Update Roland Bergers Ratingagentur

Wie in einem meiner letzten Beiträge versprochen, hier das Update zu der Initiative Europäische Ratingagentur von Roland Berger et al.

Nochmal zur Erinnerung – in einer Pressemitteilung hat die Strategieberatung Roland Berger bekannt gegeben, dass sie sich in „Sondierungsgesprächen“ befänden, „mit dem Ziel, eine europäische Ratingagentur in Frankfurt am Main zu gründen, zu etablieren und zu entwickeln.“

Neben Roland Berger seien beteiligt: das Land Hessen, die Deutsche Börse und Frankfurt Main Finance. Die Mitteilung endet mit folgender Aufforderung: „Roland Berger lädt daher Unternehmen und Institutionen aus ganz Europa ein, sich an der aktuellen Diskussion zu beteiligen und dazu beizutragen, die Initiative auf den Weg zu bringen.“
Dies nahm ich zum Anlass, sowohl dem in der PM genannten Seniorpartner von Roland Berger als auch der Hessischen Landesregierung vor mehr als einer Woche eine Mail zu senden.

Eine Antwort von Roland Berger steht noch immer aus….

Über den Weg der Landesregierung habe ich nun von Frankfurt Main Finance eine Antwort erhalten:
das Angebot zur Mitarbeit beziehe sich zum Einen auf Finanzmarktakteure zur Umsetzung des Finanzierungsmodells und – wenig überraschend – zum Anderen auf die Aufbringung des Stiftungskapitals.

Es hat mich ohnehin überrascht, dass eine Strategieberatung die Öffentlichkeit auffordert, sich an einem ihrer Beratungsprojekte zu beteiligen. Das sollte ja deren Kernkompetenz sein. Ich hätte sie trotzdem gern unterstützt – die so geplante Ratingagentur nicht umzusetzen. Und sorry, ich werde mich nicht am Stiftungskapital beteiligen.
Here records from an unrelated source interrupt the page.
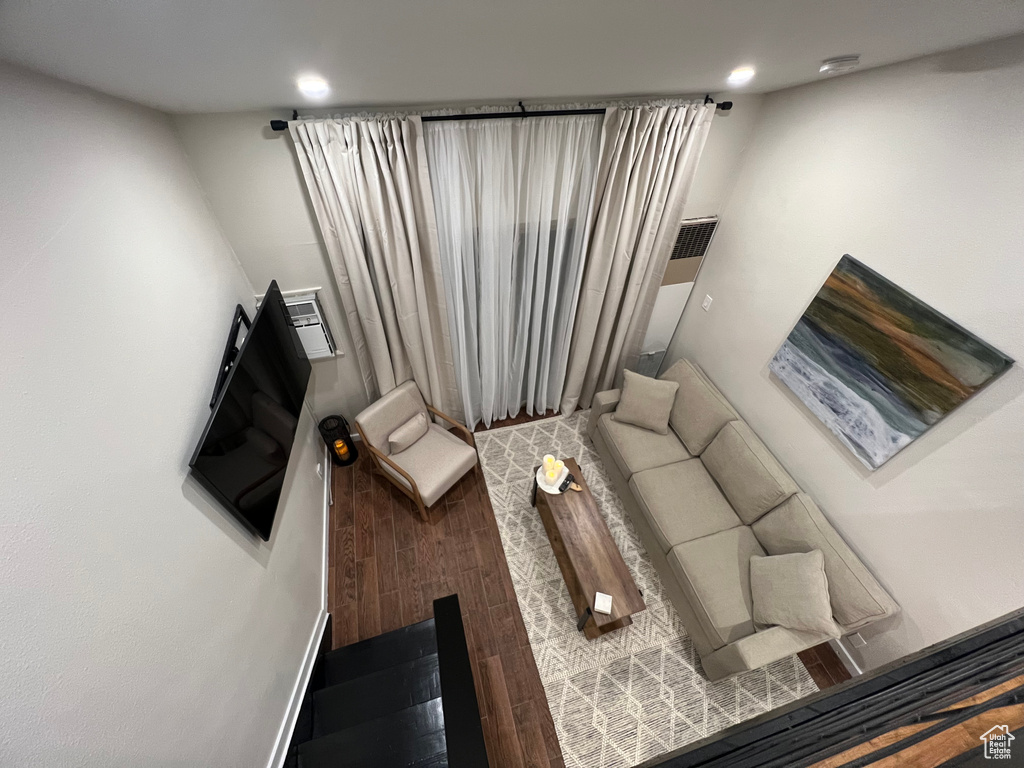 Living room featuring a towering ceiling and dark hardwood / wood-style flooring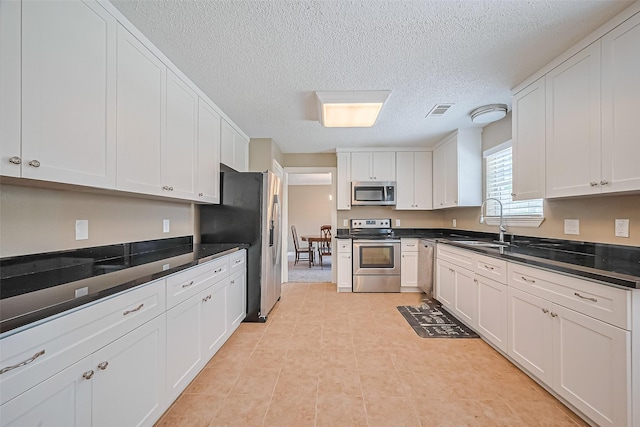 3705 Autumn Ln, Baytown, TX 77521 - kitchen featuring appliances with stainless steel finishes, a sink, a textured ceiling, white cabinetry, and dark countertops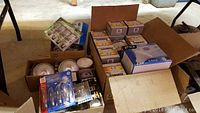 Overview photo of multiple open boxes containing various light bulbs and lighting accessories on a concrete floor under a table.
Sehen wir uns doch die Initiative und die Beteiligten nochmal an:
Roland Berger:
will gut bezahlt ein von ihnen entwickeltes Modell umsetzen. Dagegen ist nichts einzuwenden, abgesehen von meiner subjektiven Auffassung, dass eine zusätzliche Europäische Agentur der falsche Weg ist. Wenn dann noch als Ziele Erhöhung des Wettbewerbs (mit EINER zusätzlichen?) und Transparenz (Ansatz bleibt offen) genannt werden, fühle ich mich in meiner Kritik bestätigt. Und das Stiftungsmodell: verschiedene Quellen haben mir gegenüber verschiedene Angaben gemacht, in welcher Höhe Kapital für eine solche Neugründung benötigt wird. Die Zahlen reichen von niedrigen zweistelligen bis hin zu hohen dreistelligen Millionenbeträgen. Die Tagesschau berichtet, dass Berger mit 300 bis 500 Mio Euro rechnet – viel Erfolg beim Einsammeln. Und Berger wird die Agentur wohl nicht betreiben wollen – ihr Beitrag wird die Beratung sein. Bezahlt.
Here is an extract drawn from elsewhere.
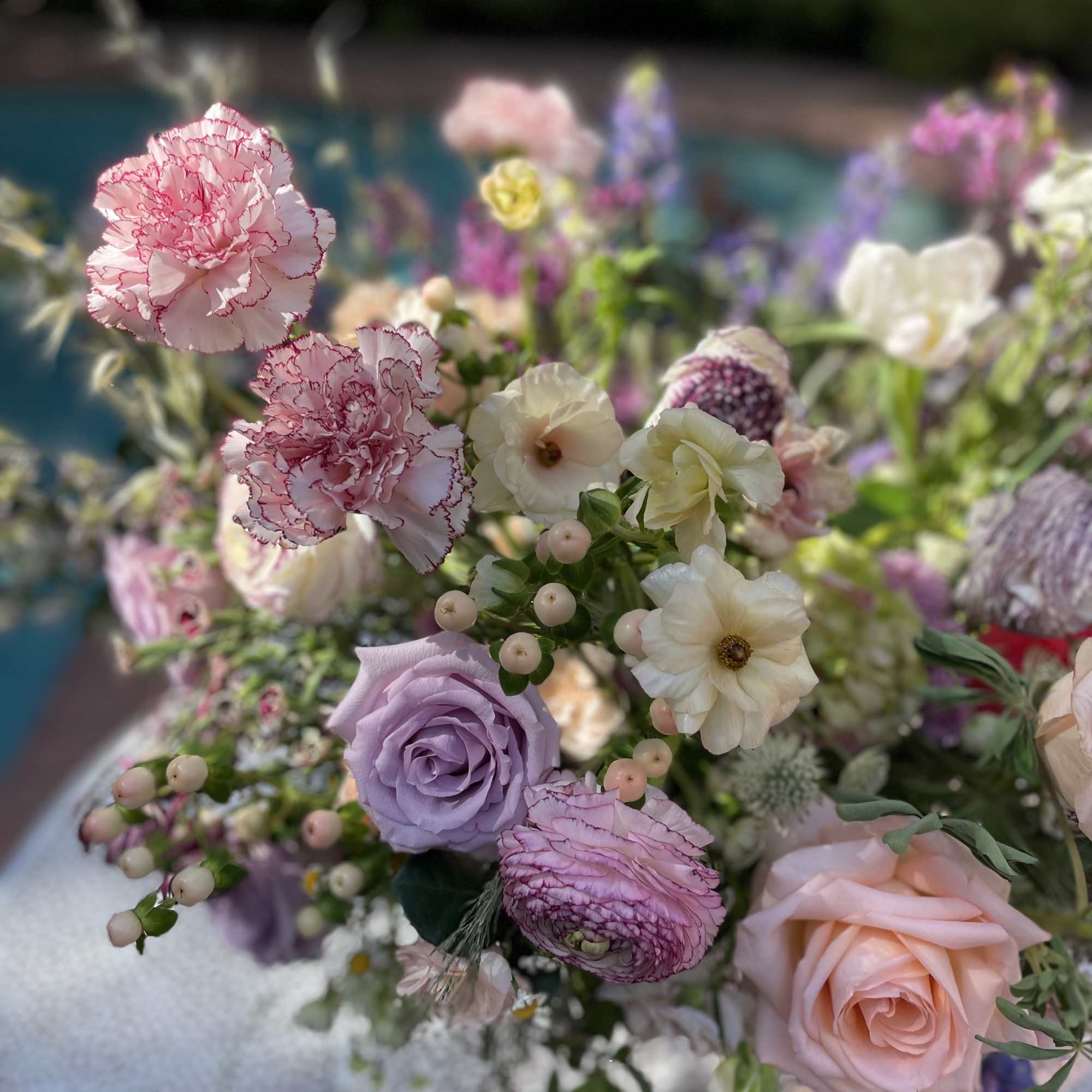 Pastel bouquet with pink carnations, lavender roses, and white blooms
Hessische Landesregierung und Initiative Finanzstandort Frankfurt:
selbstverständlich sind diese beiden Institutionen dabei, wenn die Agentur in Frankfurt gegründet wird (in meinem Modell wäre Frankfurt auch ein wichtiger Standort – falls sie noch eine weitere Meinung einholen wollen). Ob sich diese zwei jedoch essentiell an 300 – 500 Mio Stiftungskapital beteiligen wollen und können, wage ich zu bezweifeln. Im Falle der finanziellen Beteiligung der (Landes)Regierung stellt sich dann auch die Frage nach der Unabhängigkeit dieser Ratingagentur.

Deutsche Börse:
hier könnten Emittenten gezwungen werden, ein Rating der neuen Agentur zur Zulassung zum Handel vorzulegen. Was wiederum zu Marktverzerrungen führt. Hinsichtlich einer finanziellen Beteiligung: war da nicht noch etwas offen in Bezug auf die New Yorker Börse (NYSE)? Aber wenn die etwas Kleingeld übrig haben – warum nicht. Sollte das Modell tatsächlich funktionieren reden wir schliesslich über Umsatzrenditen von 40% – 50%.

Wer hat sonst noch Geld und Interesse an einer Europäischen Ratingagentur?
Banken vielleicht, die ihre Eigenkapitalunterlegung bei besseren Ratingnoten verringern können? Warum sollten die dieses lukrative Geschäft einer anderen Institution überlassen, wenn sie es doch auch selbst machen könnten. Ich verrate ihnen gern, wie. Und kläre dabei auch gleich die Frage, wie der o.g. Interessenkonflikt hinsichtlich der Eigenkapitalunterlegung gelöst werden kann.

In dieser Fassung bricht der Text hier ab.